Ja sama nie wiem na co się nastawić, bo sn był 8 lat temu, potem przedwczesne skurcze miałam 2.5 roku temu, a potem była cc na zimno (więc się nie liczy). Także raczej nastawiam się na coś koło 7-8h jak przy pierwszym porodzie, może nawet więcej, żeby potem się nie rozczarować i przede wszystkim, żeby nie panikować tylko na spokojnie posiedzieć w domku ile się da -
Hej dziewczyny,
Wczoraj miałam wizytę u lekarza. Z dzidziusiem wszystko dobrze, mała waży w 32tc4d 2200g (to chyba bardzo dużo)i trochę się boję co będzie za 6-8tyg jak będzie tak szybko przybierać na wadze.

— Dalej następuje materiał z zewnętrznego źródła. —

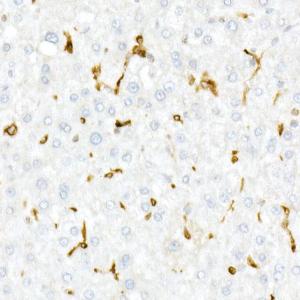 Immunohistochemistry analysis of paraffin-embedded human liver using Anti-CD74 Antibody (A9737) at a dilution of 1:20 (40x lens) Perform high pressure antigen retrieval with 10 mM Tris/EDTA buffer pH 90 before commencing with IHC staining protocol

Trochę martwi mnie poziom cukru w moczu. Czy któraś z Was miała taką sytuację? Z krwi Krzywa cukrowa wyszła mi idealnie, ale 2 ostanie wyniki moczu pokazują, że jest w nim glukoza. W pierwszym badaniu 108 mg/dl, a miesiąc później już 281 mg/dl. Wczoraj niestety nie było mojego lekarza prowadzącego, tylko lekarka w ramach zastępstwa. Według niej to nie jest cukrzyca ciążowa, bo obciążenie glukozą wyszło bardzo dobre ale mogą to być jakieś problemy z przepuszczalnością nerek. Słyszałyście kiedyś o takiej sytuacji?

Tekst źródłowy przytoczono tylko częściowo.